## Activity
Everything from the line with "SNK Arcade Classics: Volume 1" to the line with "Villa avec piscine" in the listing below, both lines included, needs to be copied exactly, apart from the pictures.

─── Listed entries

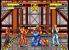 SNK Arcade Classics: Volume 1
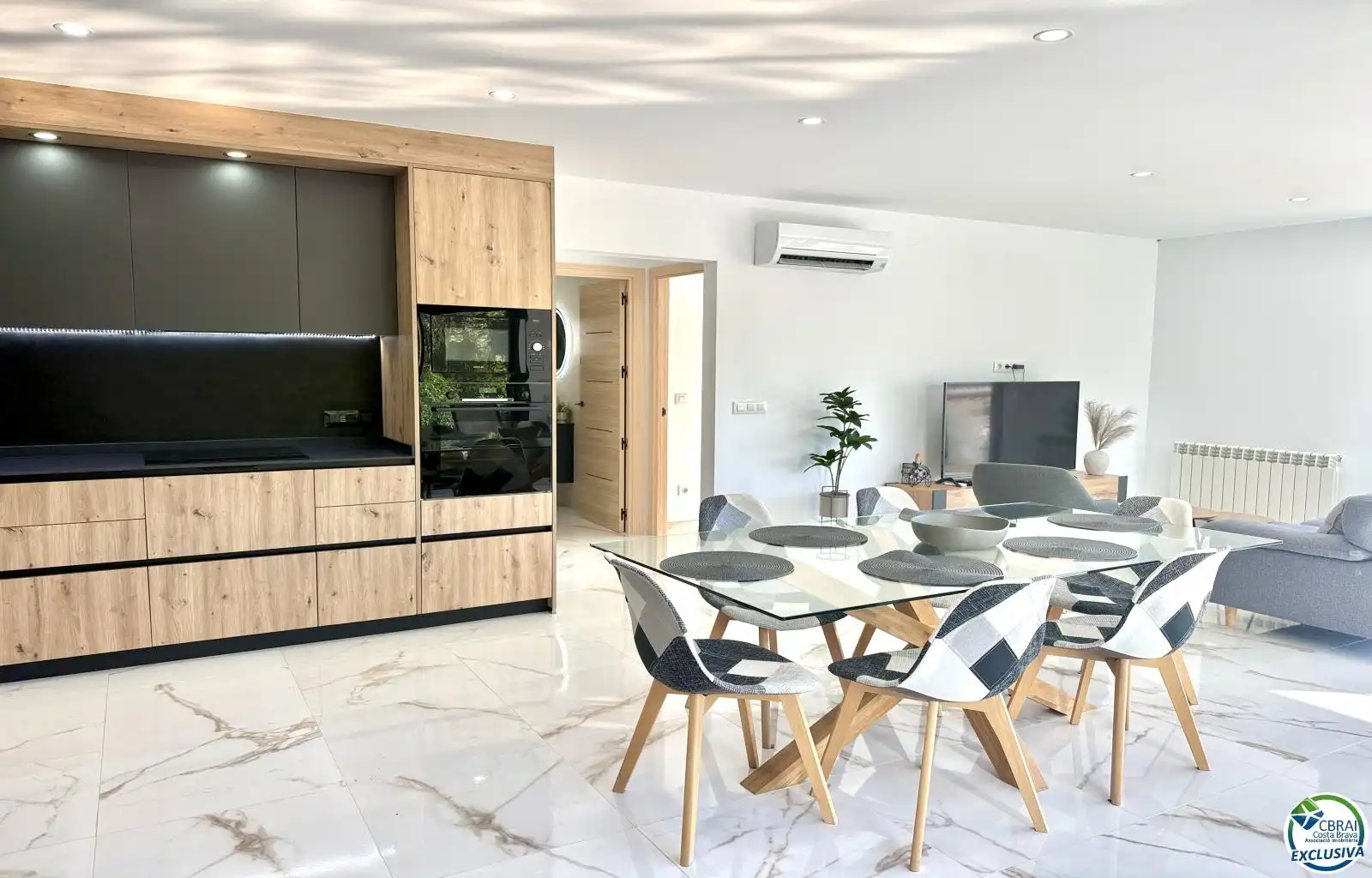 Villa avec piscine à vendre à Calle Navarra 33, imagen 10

──────
─── Listed entries

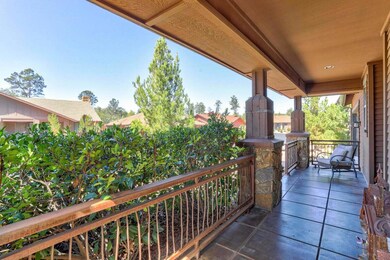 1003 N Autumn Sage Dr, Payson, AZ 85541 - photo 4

──────

## Result of the exercise
 SNK Arcade Classics: Volume 1
 Villa avec piscine à vendre à Calle Navarra 33, imagen 10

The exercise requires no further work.